● **What to work on**:
Make the copy match the entries below exactly, with no pictures carried over.

==================================================

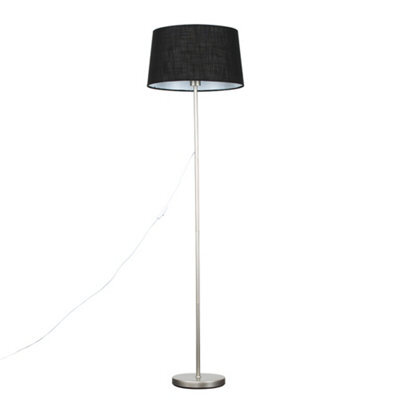 Valuelights Charles Brushed Chrome Floor Lamp With Black Linen Shade - image 1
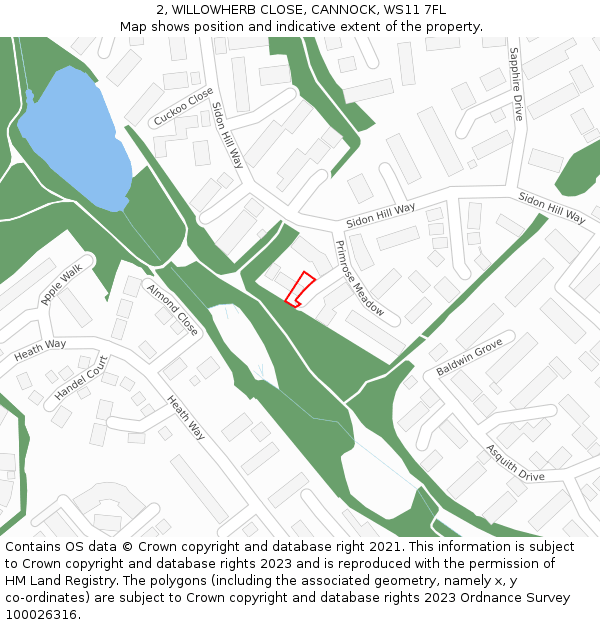 2, WILLOWHERB CLOSE, CANNOCK, WS11 7FL: Location map and indicative extent of plot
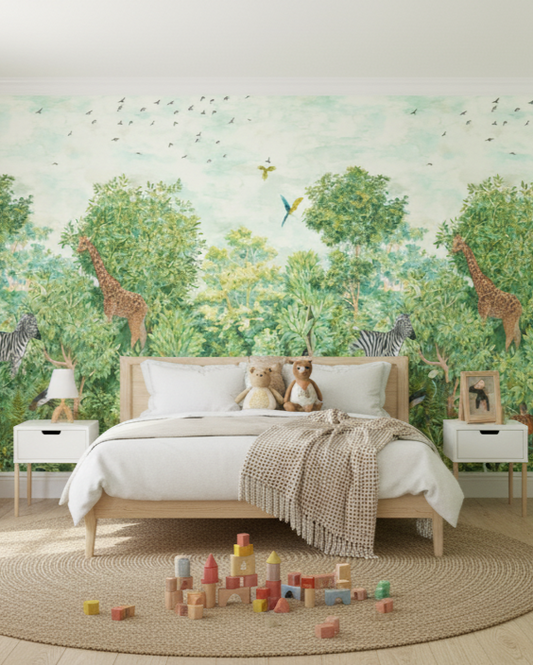 Children's bedroom with jungle-themed wallpaper, bed, and toys.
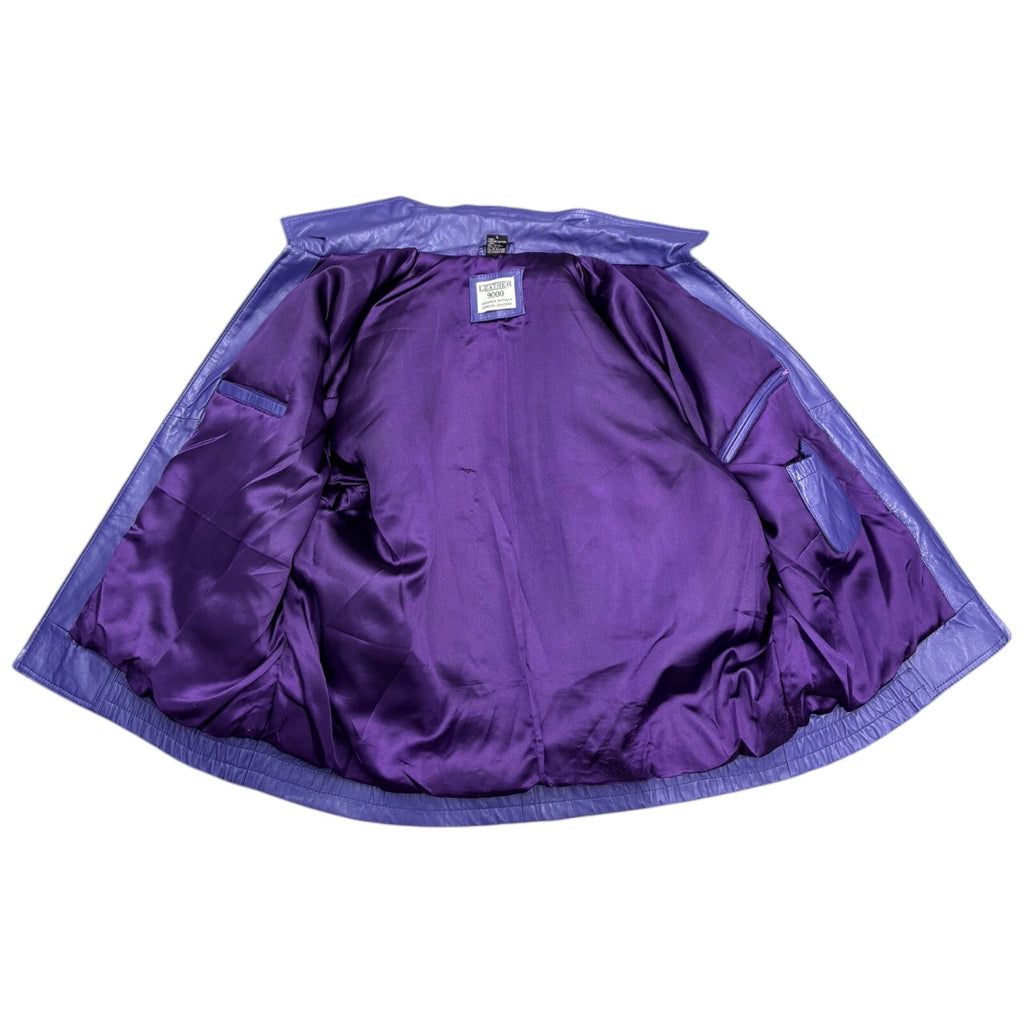 LEATHER 9000 Men's Omega Psi Phi Fraternity Leather Varsity Jacket Purple Gold D9 Sz L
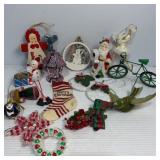 Vintage ornaments with green bike and beaded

==================================================

● **Exercise answer**:
 Valuelights Charles Brushed Chrome Floor Lamp With Black Linen Shade - image 1
 2, WILLOWHERB CLOSE, CANNOCK, WS11 7FL: Location map and indicative extent of plot
 Children's bedroom with jungle-themed wallpaper, bed, and toys.
 LEATHER 9000 Men's Omega Psi Phi Fraternity Leather Varsity Jacket Purple Gold D9 Sz L
 Vintage ornaments with green bike and beaded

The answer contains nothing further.